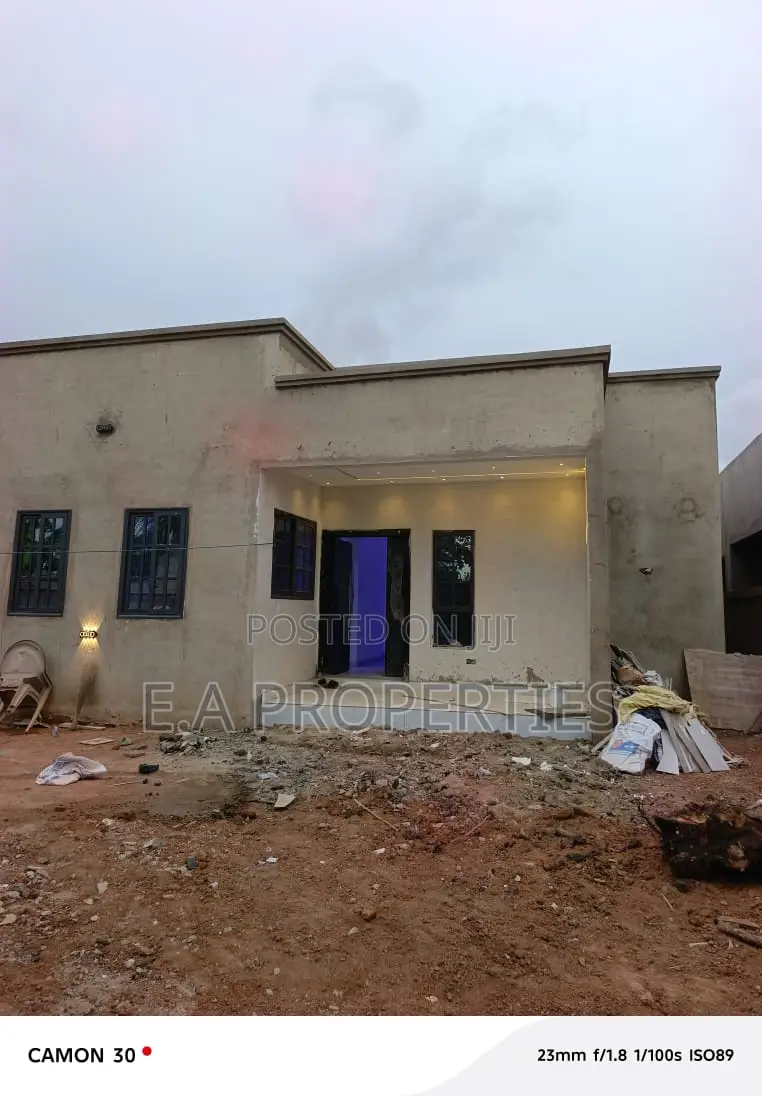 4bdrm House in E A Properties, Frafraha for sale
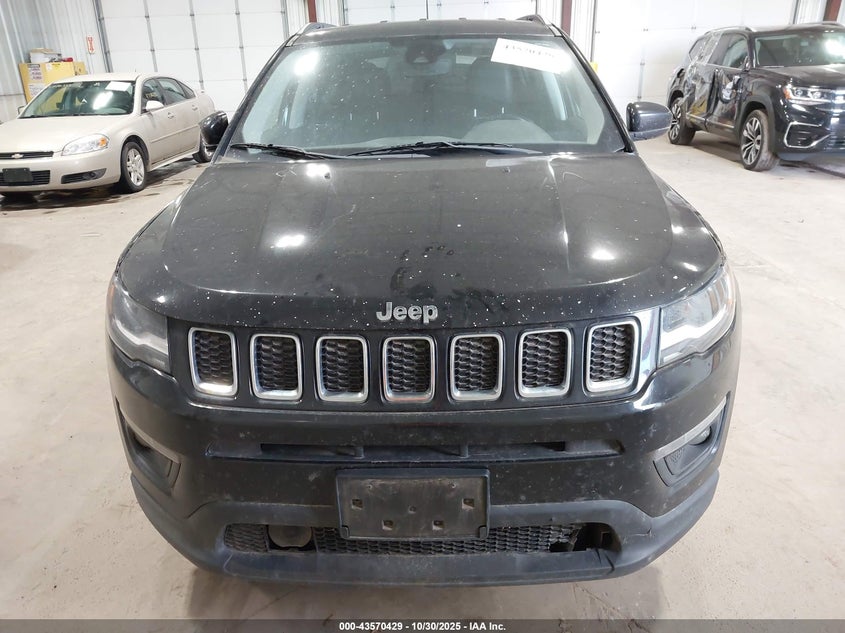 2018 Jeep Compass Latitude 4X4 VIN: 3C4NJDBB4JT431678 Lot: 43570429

--

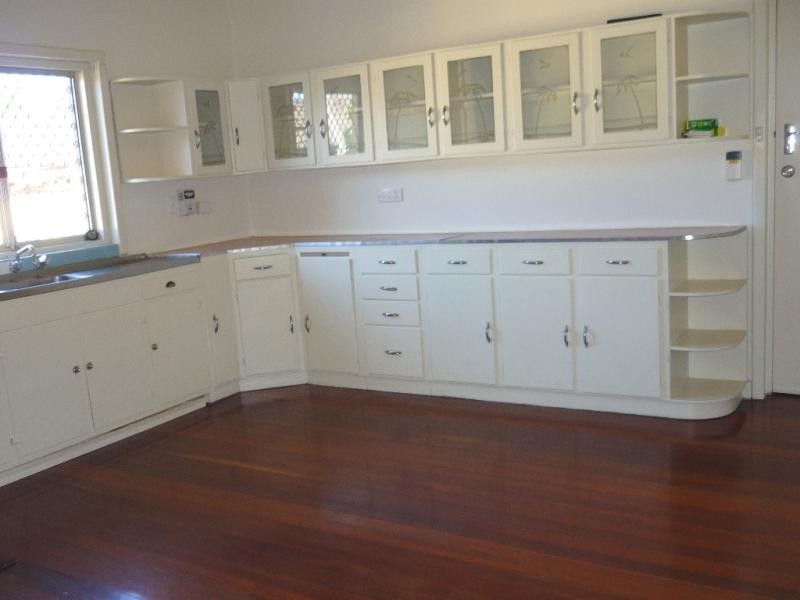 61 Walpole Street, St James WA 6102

§ Exercise prompt
Quote word for word only the lines above from the one containing "4bdrm House in" through the one containing "2018 Jeep Compass". Pictures stay out of your copy.

§ Exercise response
 4bdrm House in E A Properties, Frafraha for sale
 2018 Jeep Compass Latitude 4X4 VIN: 3C4NJDBB4JT431678 Lot: 43570429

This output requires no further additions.